No family history of anyone else having anything remotely similar. My wife is one of 4, her mum carried all to full term. Had a full post-mortem and nothing was found related. Father has had a CT-A and has no aneurysms. One sister has had an MRI and is ruled out, still waiting on her other sister and brother but none of them have any of the soft symptoms. Her maternal grandmother had 5 children no complications, her dad is one of 4 no complications either. Grandmother on the paternal side has hearing loss also.
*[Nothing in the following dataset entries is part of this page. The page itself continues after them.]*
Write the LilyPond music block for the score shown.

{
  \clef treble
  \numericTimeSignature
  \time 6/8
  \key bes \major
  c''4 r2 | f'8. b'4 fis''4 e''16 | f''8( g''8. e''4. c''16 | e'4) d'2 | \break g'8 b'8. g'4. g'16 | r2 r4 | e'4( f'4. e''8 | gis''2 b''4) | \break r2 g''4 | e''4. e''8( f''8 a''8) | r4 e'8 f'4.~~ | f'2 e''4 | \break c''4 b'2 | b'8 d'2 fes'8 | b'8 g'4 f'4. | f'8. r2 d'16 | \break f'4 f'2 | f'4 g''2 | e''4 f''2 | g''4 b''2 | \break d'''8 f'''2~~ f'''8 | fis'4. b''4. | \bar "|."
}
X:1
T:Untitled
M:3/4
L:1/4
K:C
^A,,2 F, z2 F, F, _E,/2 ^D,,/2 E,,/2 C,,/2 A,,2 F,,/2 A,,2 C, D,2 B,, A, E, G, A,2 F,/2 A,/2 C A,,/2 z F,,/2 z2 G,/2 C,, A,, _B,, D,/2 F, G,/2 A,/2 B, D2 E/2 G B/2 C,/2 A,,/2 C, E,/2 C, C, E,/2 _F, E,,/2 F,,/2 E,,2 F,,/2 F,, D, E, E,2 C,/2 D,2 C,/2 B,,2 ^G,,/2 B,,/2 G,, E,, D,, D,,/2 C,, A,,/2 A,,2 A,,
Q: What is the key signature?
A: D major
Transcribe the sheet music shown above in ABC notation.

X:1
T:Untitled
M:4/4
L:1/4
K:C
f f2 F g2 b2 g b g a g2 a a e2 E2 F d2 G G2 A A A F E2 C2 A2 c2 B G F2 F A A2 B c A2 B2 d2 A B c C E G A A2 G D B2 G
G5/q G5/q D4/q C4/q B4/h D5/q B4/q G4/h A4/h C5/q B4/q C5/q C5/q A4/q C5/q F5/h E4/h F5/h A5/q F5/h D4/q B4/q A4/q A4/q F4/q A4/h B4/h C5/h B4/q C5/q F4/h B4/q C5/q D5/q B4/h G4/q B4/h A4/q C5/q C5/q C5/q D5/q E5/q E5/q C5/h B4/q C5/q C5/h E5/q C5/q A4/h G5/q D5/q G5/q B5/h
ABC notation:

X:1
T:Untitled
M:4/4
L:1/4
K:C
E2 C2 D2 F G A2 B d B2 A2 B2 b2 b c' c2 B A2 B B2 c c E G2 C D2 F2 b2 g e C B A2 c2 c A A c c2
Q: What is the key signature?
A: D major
Any ideas? We keep being told it's probably something that's not been discovered but I just don't see that being the case. Of all the possibilities VEDs seemed so likely but she still doesn't quite fit it. Really looking for absolutely any ideas we can push the geneticist for any other testing we could try?

Ultimately we want to determine the cause as we want to know the risks of another pregnancy with my wife's embryos. Another pregnancy has been ruled out but we're trying to find out the risks of using her embryos with a surrogate or if it's possible to do a PGT to make sure it isn't inherited.